• _What is being asked_
Of the entries below, restate word for word only the section that runs from the line with "Stupid Santa! Ich ziehe Schmuck vor:/ Poster" to the line with "The return to phantom froggy", counting both ends.

• _Data_

....

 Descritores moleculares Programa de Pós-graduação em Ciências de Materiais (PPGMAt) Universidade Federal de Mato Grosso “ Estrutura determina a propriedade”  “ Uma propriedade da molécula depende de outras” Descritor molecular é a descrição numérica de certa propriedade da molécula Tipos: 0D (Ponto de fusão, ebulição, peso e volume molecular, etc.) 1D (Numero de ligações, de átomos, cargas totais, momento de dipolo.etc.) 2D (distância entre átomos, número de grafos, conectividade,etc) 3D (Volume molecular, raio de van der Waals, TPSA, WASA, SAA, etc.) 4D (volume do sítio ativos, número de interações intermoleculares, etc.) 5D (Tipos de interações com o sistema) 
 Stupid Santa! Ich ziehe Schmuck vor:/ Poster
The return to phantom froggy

....

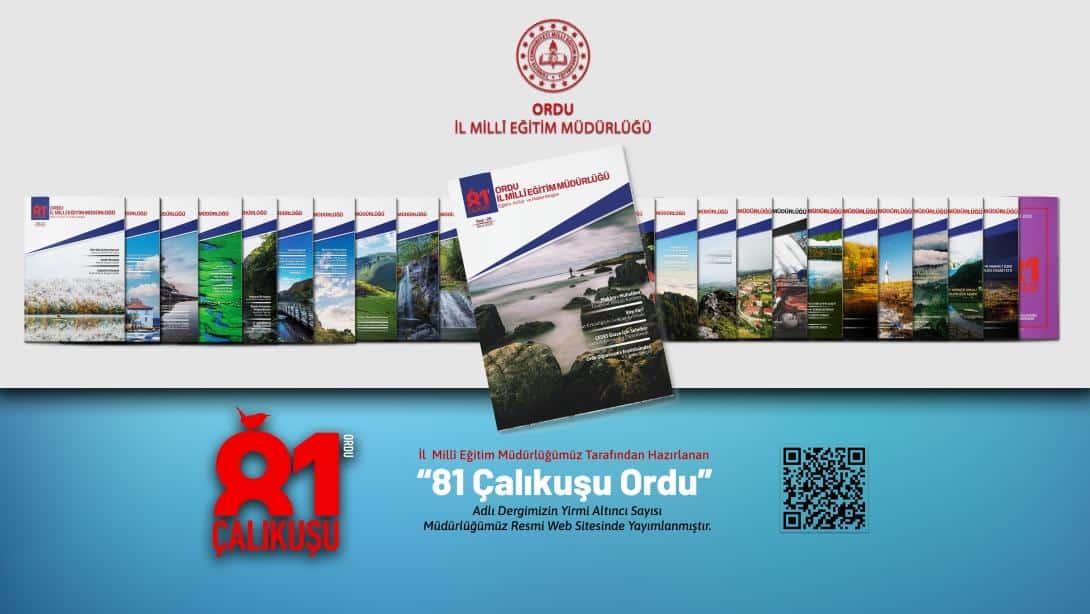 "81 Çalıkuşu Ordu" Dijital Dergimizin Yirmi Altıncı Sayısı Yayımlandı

....

• _Reply_
 Stupid Santa! Ich ziehe Schmuck vor:/ Poster
The return to phantom froggy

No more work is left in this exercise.